Weten: Ouderen met dementie; ouderen die een hersenbloeding hebben gehad of ouderen die bedlegerig zijn, weten soms niet dat er sprake is van uitbuiting. Ze hebben mentaal niet het vermogen meer of ze komen niet of nauwelijks hun bed uit, waardoor ze er geen besef of weet van hebben. Maar soms doen plegers het zo stiekem dat het niet eens opvalt. Het komt ook vaak voor dat de zorgafhankelijke ouderen zijn financieel beheer heeft overgedragen en er dan geen weet van heeft dat hij geplukt wordt.
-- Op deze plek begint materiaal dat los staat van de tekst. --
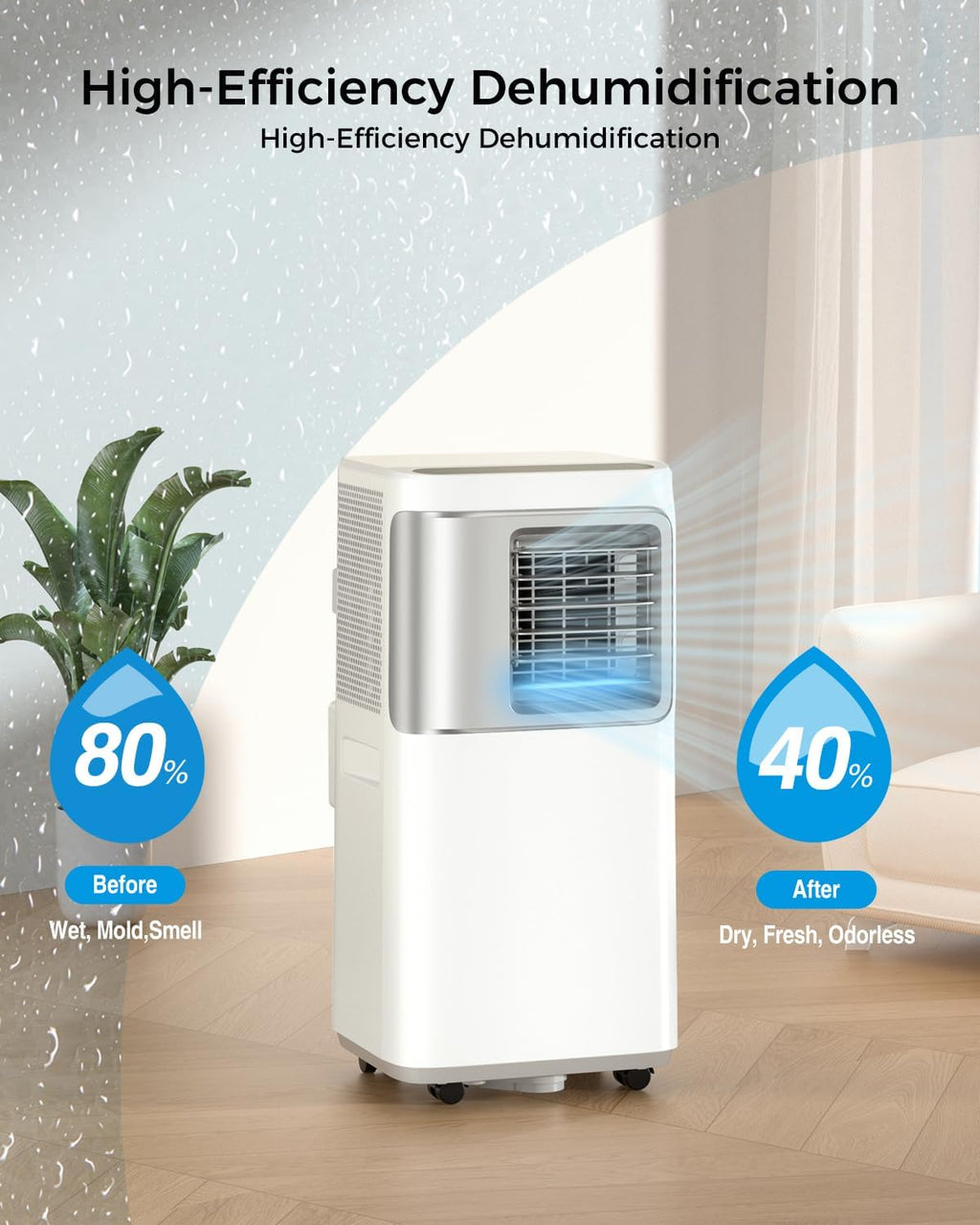 Portable-Air-Conditioners-16,000-Btu - AC Unit 5 in 1 Wifi Smart Air Conditioner with APP, Fan & Dehumidifier, Remote, 24H, Window Kits Included Drainage-free Cooling for Large Room Indoor wourant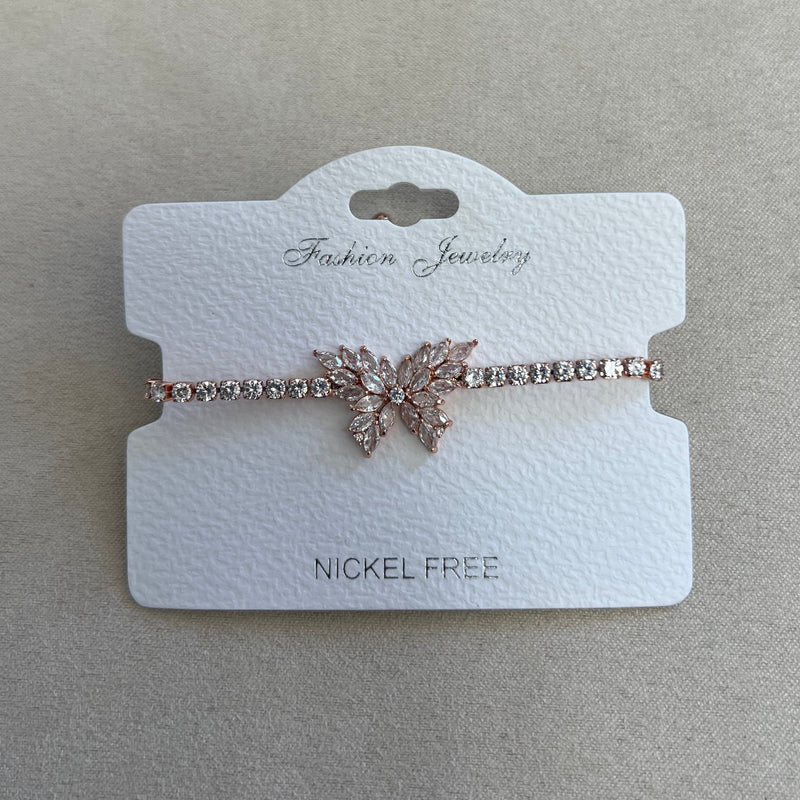 C.Z Rhodium Plated Crystal adjustable Bracelet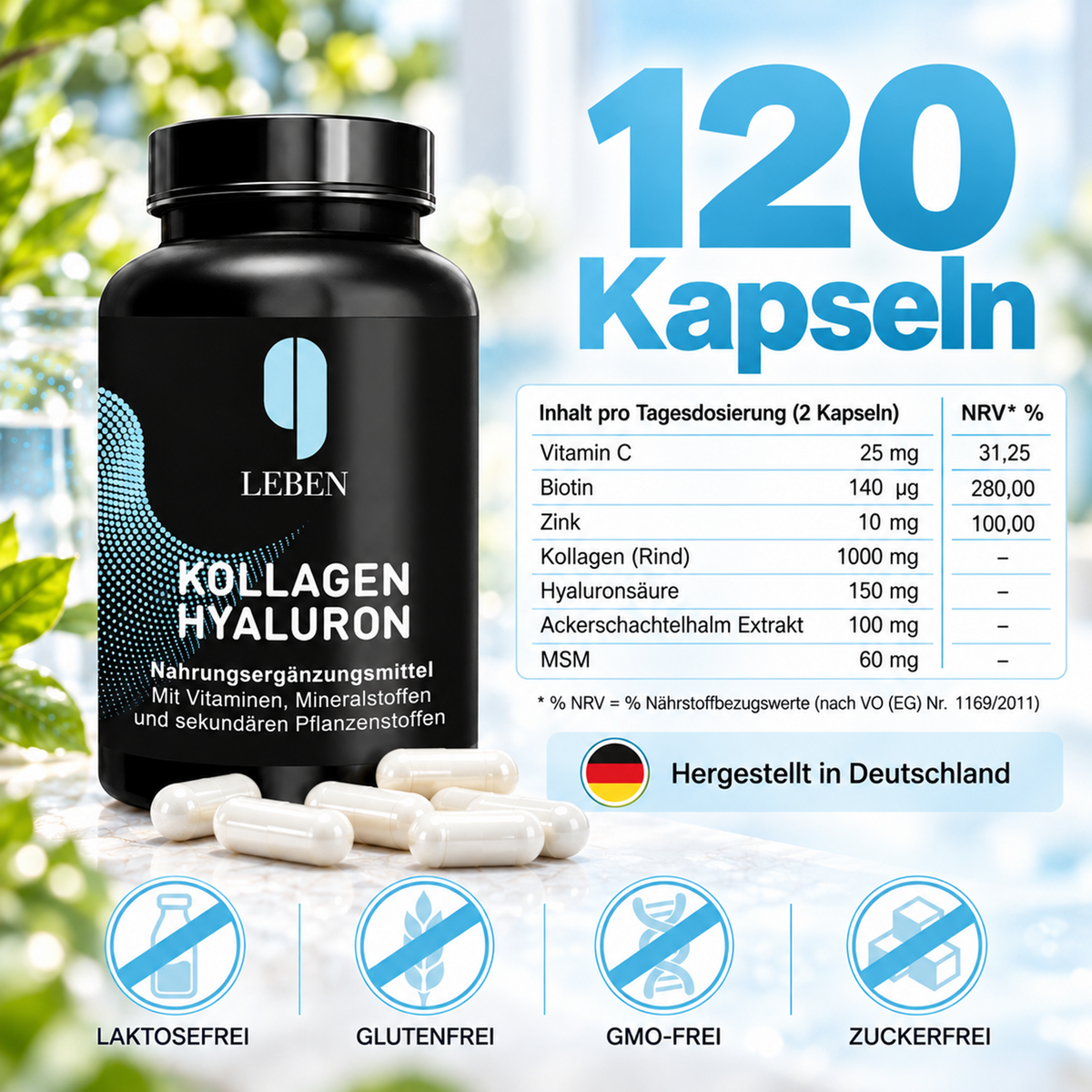 Kollagen + Hyaluron – 120 Kapseln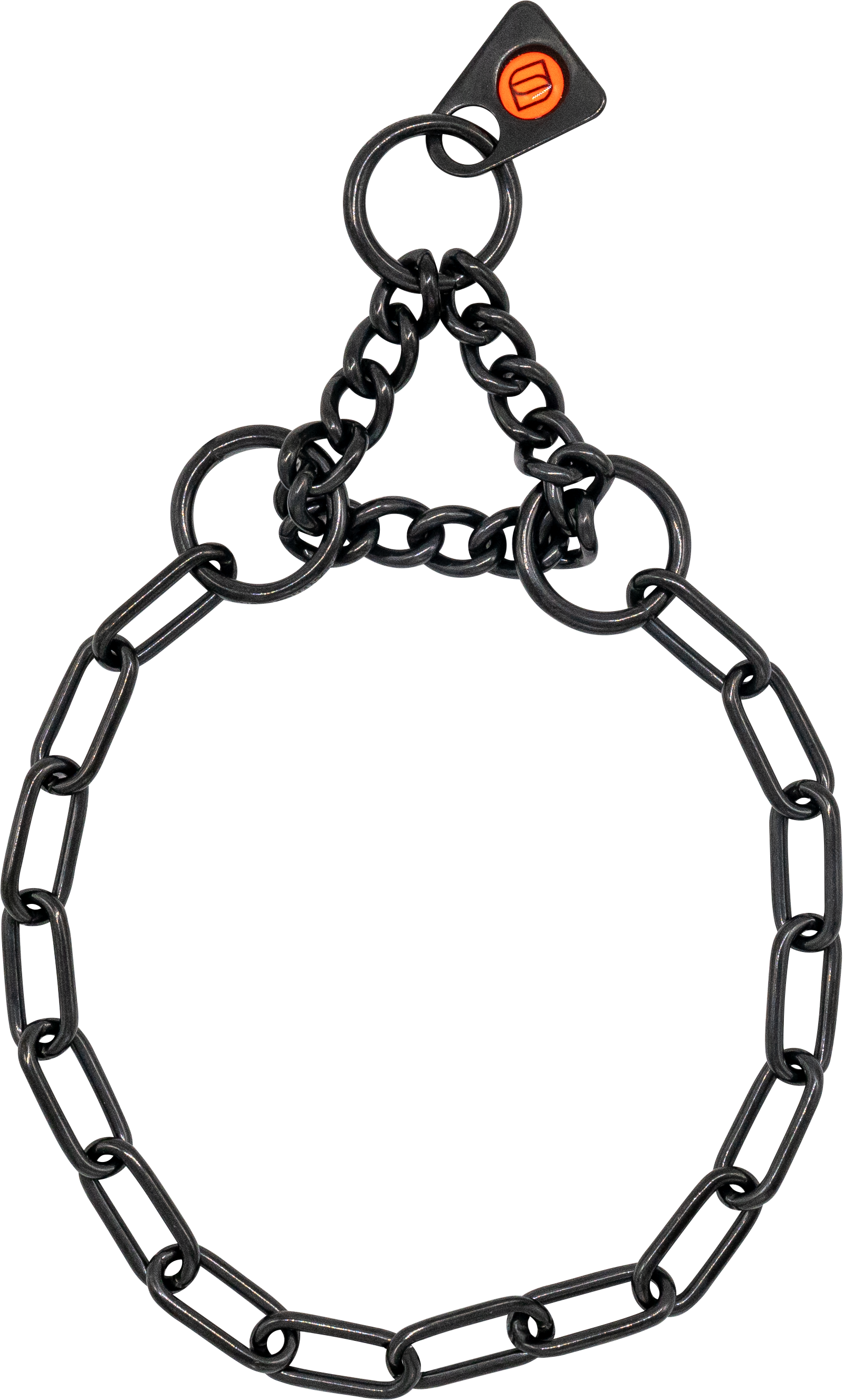 Long Link Chain Collar with Assembly Chain - Stainless Steel Black, 2mm Wire Gauge
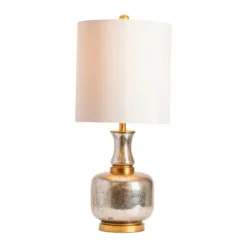Table Lamps-Kirkland's Home Silver And Gold Mercury Glass Table Lamp White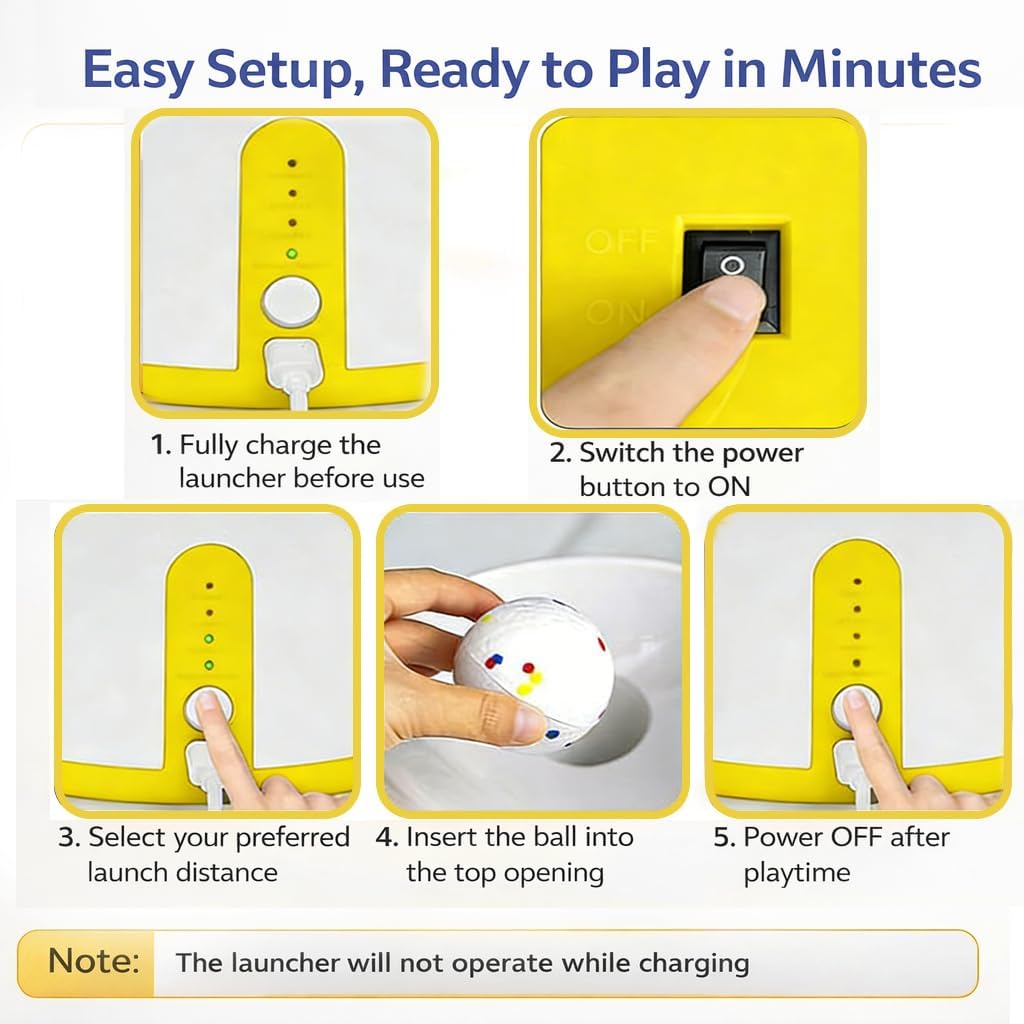 Automatic Dog Ball Launcher for Small Dogs & Medium Dogs, Interactive Fetch Machine with 3 Launch Distances (15–45 FT), USB Rechargeable, Includes 6 ETPU Balls - Happypetzone.online - Image 8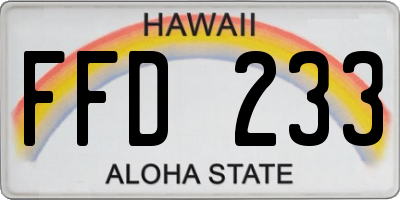 HI license plate FFD233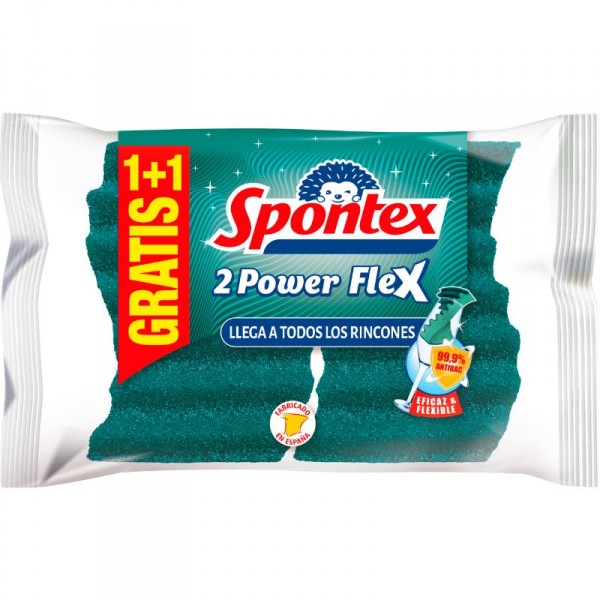 ESTROPAJO SPONTEX POWER FLEX PACK 1+1 GRATIS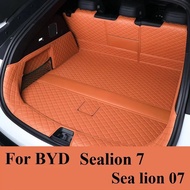 For BYD Sealion 7 Sea lion 07 2024 2025 Car Boot Mat Rear Trunk Liner Cargo Leather Floor Carpet Tra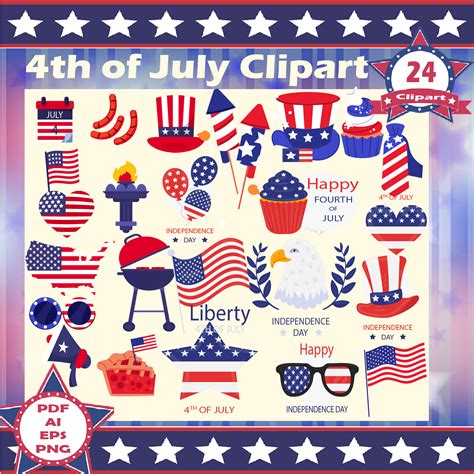 4th Of July Clipart Patriotic Clipart Independence Day Made By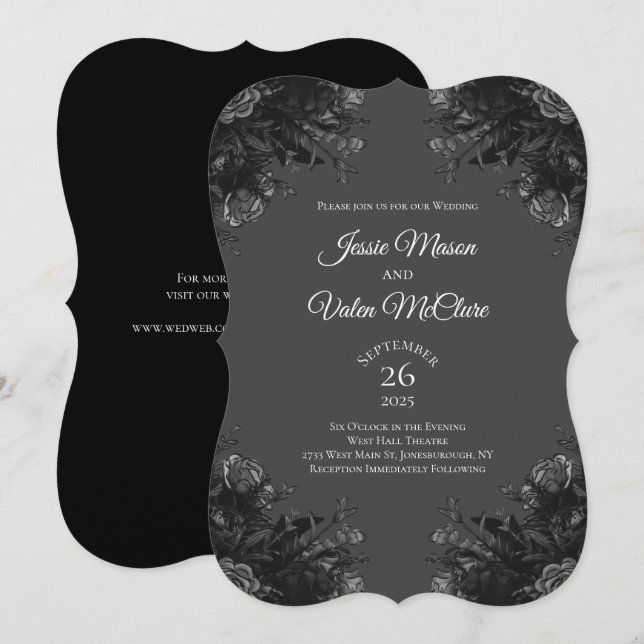 Invitation Noir Gris Rose gothique Élégant mariage (Devant / Derrière)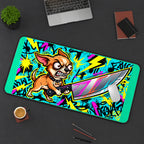 Chihuahua with an Oversized Knife desk mat — product mockup 3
Oudere slachtoffers zijn er niet altijd toe in staat om het financieel misbruik te stoppen. Afhankelijkheid speelt daar zeker een rol bij, maar ook geestelijke onbekwaamheid kan maken dat het slachtoffer dat niet kan. Ook kennen veel slachtoffers niet de weg naar hulpverleners of bemiddelaars.
Willen: Als een oudere beseft dat er financieel misbruik van hem/haar wordt gemaakt, hoeft dat nog niet te betekenen dat hij/zij er werk van wil maken. Er zijn allerlei redenen die hem/haar hiervan kan weerhouden. Allereerst kan het slachtoffer het handelen van de pleger vergoelijken: ‘Hij heeft het momenteel niet makkelijk. Net gescheiden en veel schulden’. Daarnaast kan schaamte een rol spelen. Het liefst houdt men het beeld in stand van de hartelijke dochter die enkele keren per week langs komt om voor moeder te zorgen. Een derde reden kan zijn dat het slachtoffer bang is voor de gevolgen van aangifte of melding. Een gevolg kan zijn dat de hulp en ondersteuning wegvalt, waarvan de oudere afhankelijk is en noodgedwongen naar een verzorging- of verpleeghuis moet. Nog een ander gevolg kan zijn dat er grote ruzie binnen de familiegelederen ontstaat. Een vierde reden om er niets mee te doen kan zelfbescherming zijn, omdat men bang is dat een melding de dreiging en de druk van de pleger op het slachtoffer kan vergroten. Een laatste reden kan zijn dat het slachtoffer er zich bij neerlegt met gedachten zoals ‘Gedane zaken nemen geen keer’, ‘Ik krijg er mijn geld of spulletjes toch niet mee terug’ of ‘Weg is weg’.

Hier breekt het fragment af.